Our children’s experiences are going to be a lot more limiting with the passage of Bill 22. Here is a golden opportunity to teach children about human rights, respecting and supporting volunteers or voting for a judicious government, for example.
B) It’s baffling that the author is bitter. Teachers are being brazenly bullied with belittling Liberal ads and a bizarre Bill 22. (This strike is about the declining quality of education in B.C.) Striking teachers being blunt rather than benevolent will benefit our students.
C) The writer asks to change the discussion to find a new way to keep our kids in the classroom. Teachers are in the classroom, working with students, doing what they are contracted to do. Many teachers also thrive on extracurricular activities. It is a highlight to coach, co-ordinate, collaborate, counsel, conduct or choreograph.

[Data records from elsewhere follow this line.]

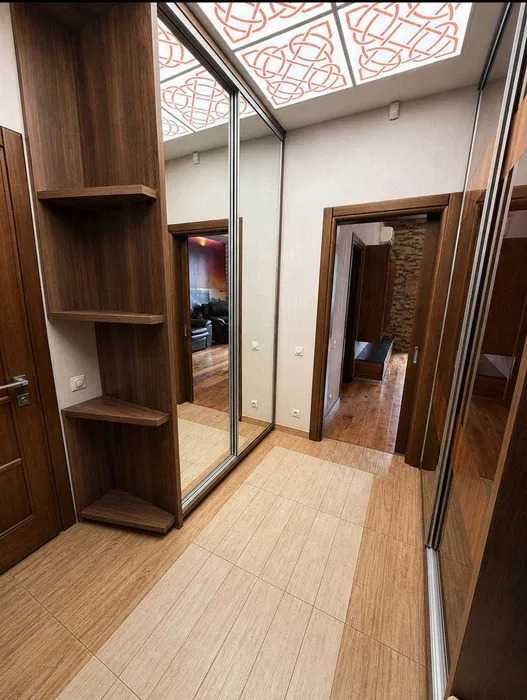 Продам 1к квартиру 52м2 ЖК Алексеевский с ремонтом, метро Победа, Алексеевка (24625)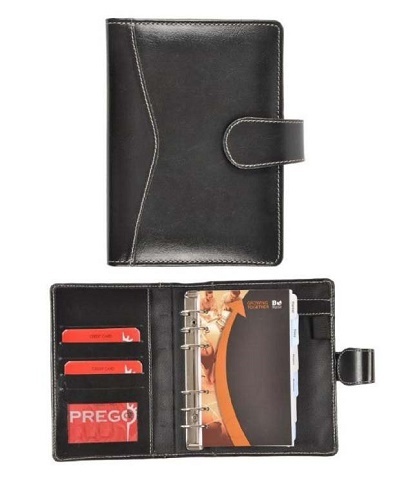 Moisture Proof Professional Refillable Leather Journal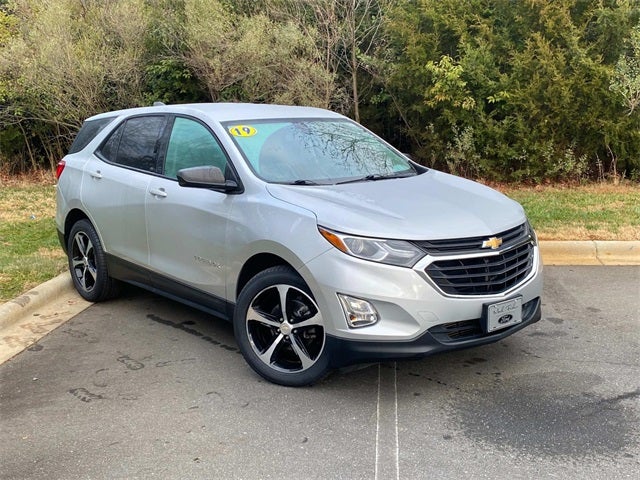 2019 Chevrolet Equinox LS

It is crucial to communicate that even though it’s customary for schools to have countless extracurricular activities, (graduation dances, ski trips, cross country meets, track meets, etc.) they are run by volunteer teachers. These activities occur in addition to planning, preparing and teaching. Teachers typically put in a 50-60 hour work week. The volunteer activities are scheduled between staff meetings, committee meetings, parent-teacher meetings, behind the scenes activities such as ordering, cataloguing, maintaining learning resources and supplies (to name a few).
In closing, parents, you are welcome to be A) active, not only to B) bake, buy and often C) co-ordinate the school fundraisers as you always do thanks to budget cuts, but to also C) contribute in other ways and sponsor a school club or coach.